Transcribe the entries below exactly from their first line through the line containing "Opalin (Fritzsche Reisen).", and let no picture into the copy.

Records drawn from a dataset
○ ○ ○
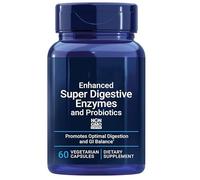 Enhanced Super Digestive Enzymes & Probiotics, Non-GMO, Gluten-Free, 60 Vegetarian Capsules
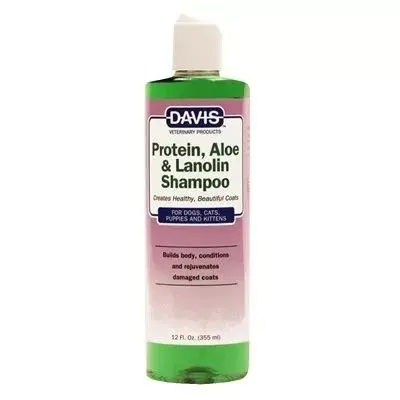 Sampon cu proteine, aloe si lanolina, Davis, 355 ml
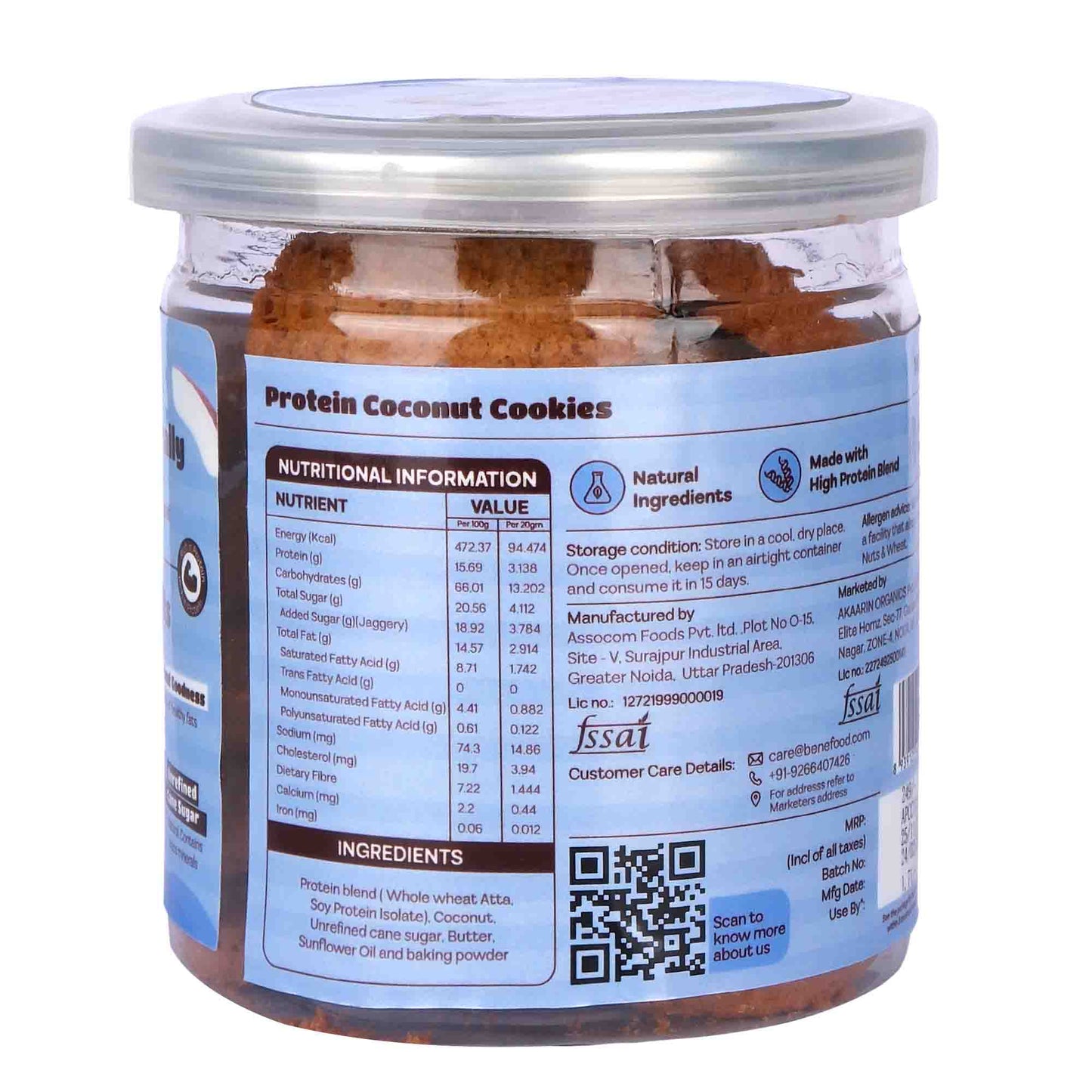 Protein Coconut Cookies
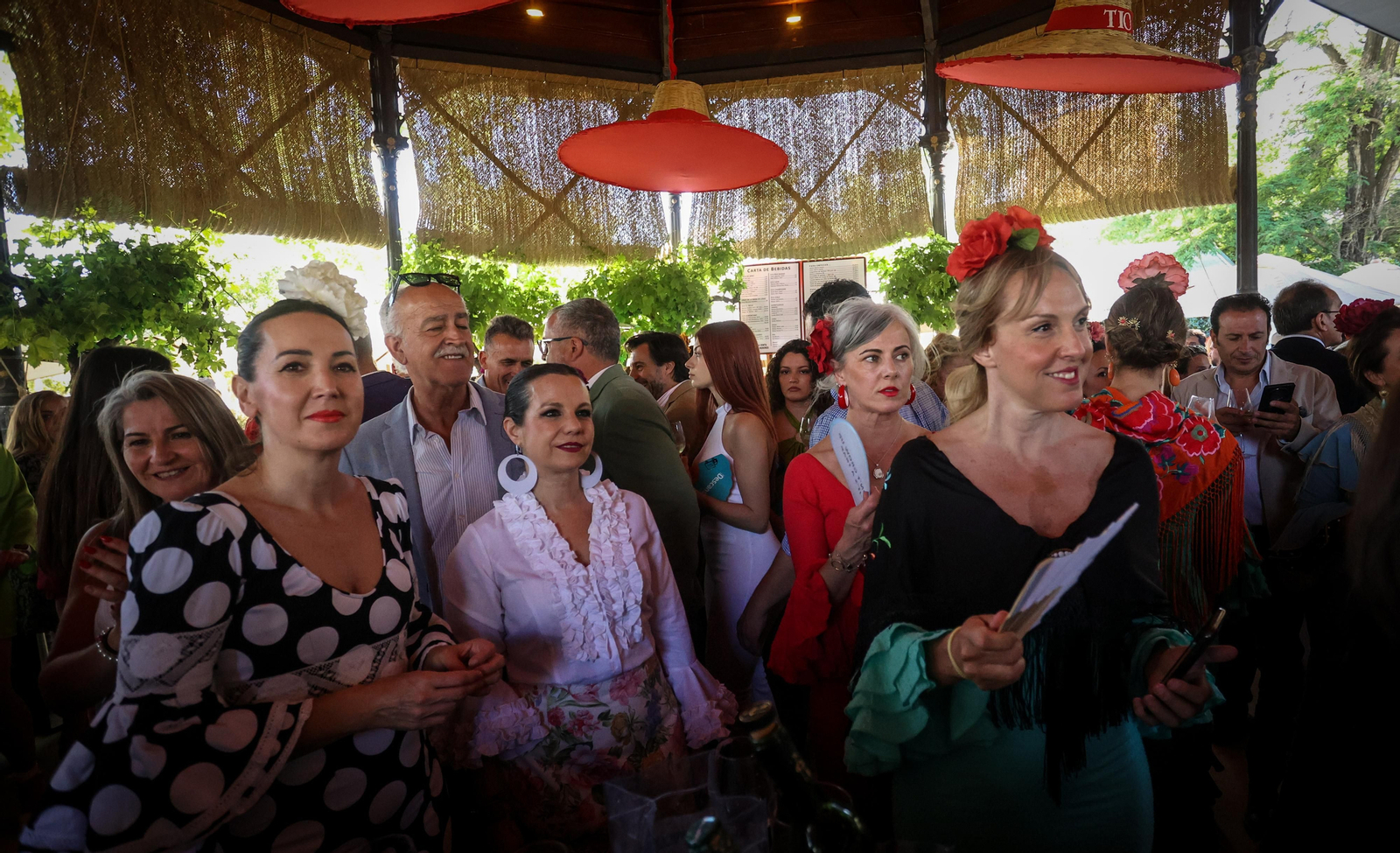 Imágenes del ambiente el lunes en la Feria de Jerez 2024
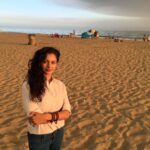 Pooja Kumar Instagram - #tbt #losangeles #santamonica the sky was overcast and the the beach was clear right before sunset. These days are coming back soon. #coronavirus #shelterinplace #staysafe #stayhome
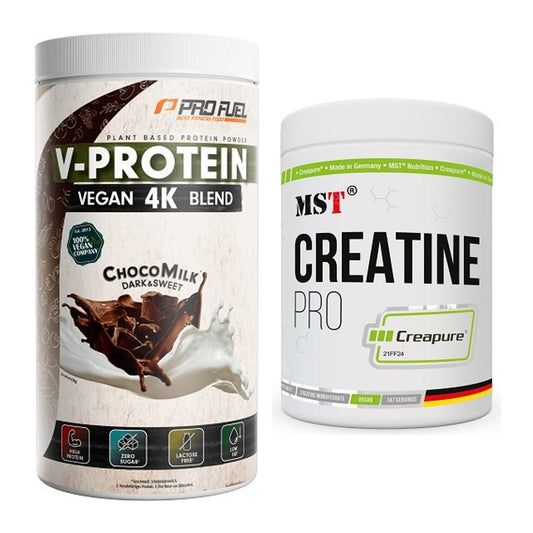 Muskelaufbau-Set: ProFuel V-PROTEIN vegan + MST Creatin Pro CREAPURE – alle enthaltenen Artikel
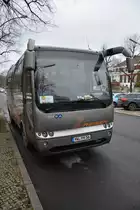 Zur  Grünen Woche 2016  ist MW-YM 56 zu Besuch in Berlin. Aufgenommen wurde ein Temsa Opalin (Fritzsche Reisen).
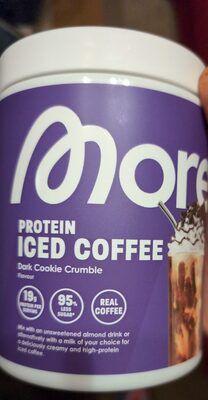 More Protein Iced Coffee Dark Cookie Crumble 300g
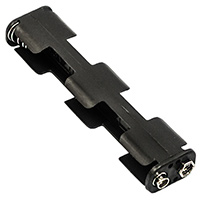 MPD (Memory Protection Devices) - BH14AASF - HOLDER BATT 4-AA CELLS W/SNAPS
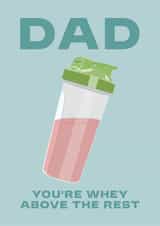 Fun Dad Card for Gym Lovers - Dad's Birthday / Father's Day - Protein Shaker created by Katie Hannah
○ ○ ○
**Response area**:
 Enhanced Super Digestive Enzymes & Probiotics, Non-GMO, Gluten-Free, 60 Vegetarian Capsules
 Sampon cu proteine, aloe si lanolina, Davis, 355 ml
 Protein Coconut Cookies
 Imágenes del ambiente el lunes en la Feria de Jerez 2024
 Pooja Kumar Instagram - #tbt #losangeles #santamonica the sky was overcast and the the beach was clear right before sunset. These days are coming back soon. #coronavirus #shelterinplace #staysafe #stayhome
 Muskelaufbau-Set: ProFuel V-PROTEIN vegan + MST Creatin Pro CREAPURE – alle enthaltenen Artikel
 Zur  Grünen Woche 2016  ist MW-YM 56 zu Besuch in Berlin. Aufgenommen wurde ein Temsa Opalin (Fritzsche Reisen).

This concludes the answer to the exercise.